Satu hal yang membedakan manusia dengan makhluk Allah yang lain adalah
kepemilikan akal. Akal yang dimiliki oleh manusia, digunakan untuk memilih,
mempertimbangkan, dan menentukan jalan pikirannya sendiri. Dengan menggunakan akal,
manusia mampu memahami Al-Qur’an yang diturunkan oleh Allah kepada Nabi Muhammad
sebagai wahyu. Dengan akal pula, manusia mampu menelaah sejarah Islam dari masa ke
masa mulai dari masa lampau. Akal ini juga digunkan untuk memedaan baik dan buruknya
sesuatu.
Tentu saja kemampuan manusia ini tidak diperoleh begitu saja.
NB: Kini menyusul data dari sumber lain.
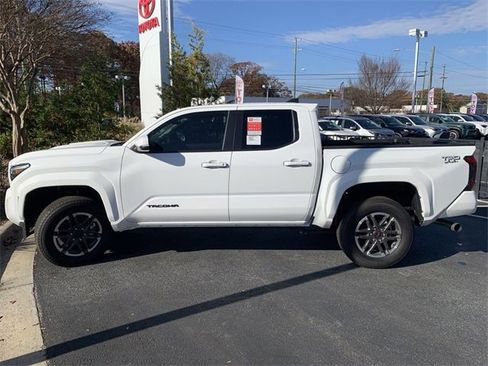 New 2025 Toyota Tacoma TRD Sport image 4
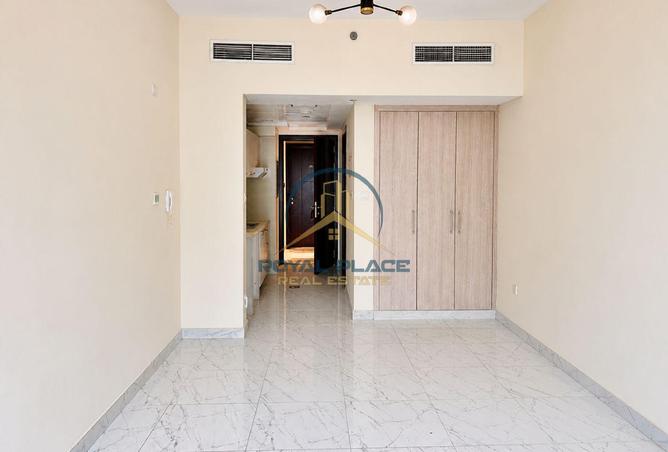 129312003 - Property Image 2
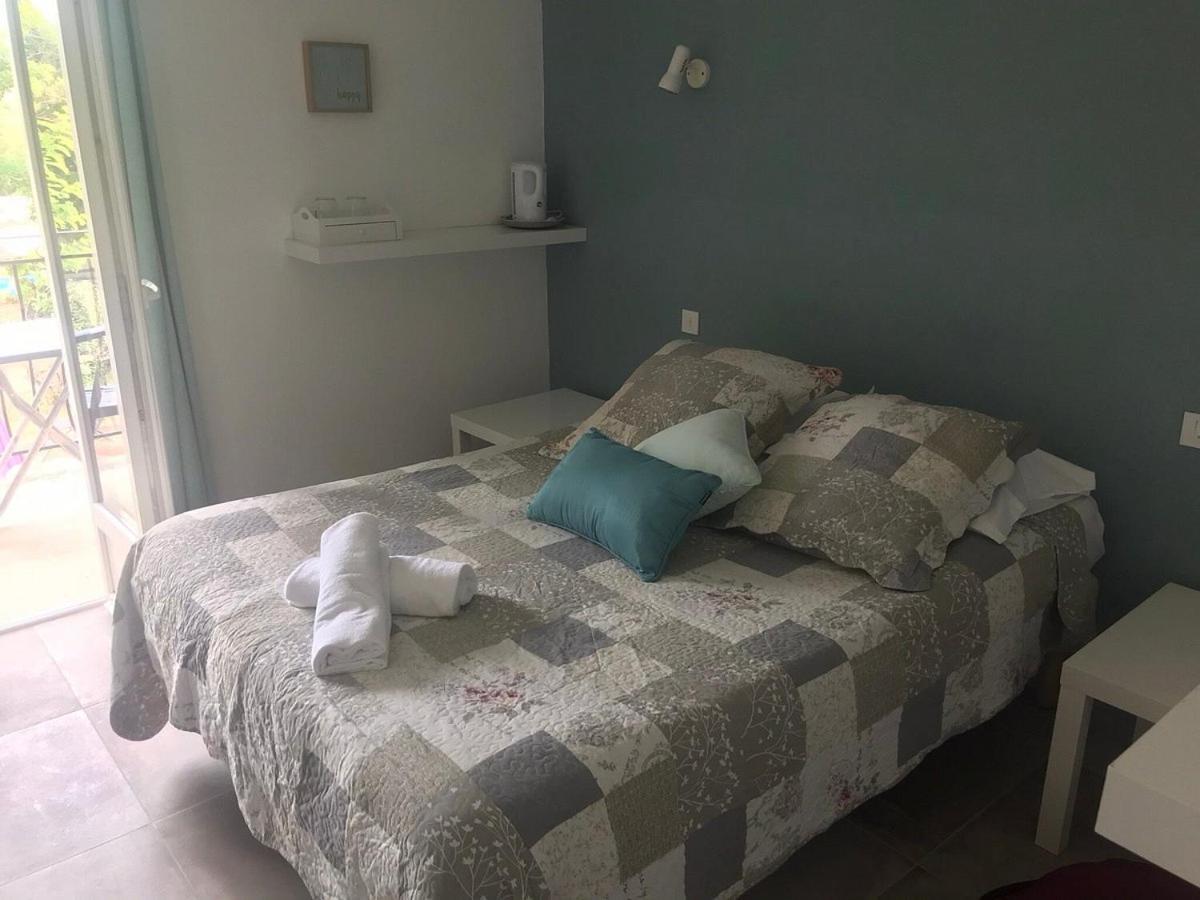 Hotel Carina Apt Luaran gambar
Melainkan melalui
pengalaman serta pendidikan, dengan begitu lambat laun manusia mampu mamahami tentang
segala sesuatu yang terjadi di lingkungan sekitarnya. Namun, manusia tidak pernah merasa
puas dengan apa yang telah didapatnya. Rasa ingin tahu, ingin mengerti yang merupakan
kodrat manusia membuat manusia selalu bertanya-tanya apa ini? Apa itu? Bagaimana ini?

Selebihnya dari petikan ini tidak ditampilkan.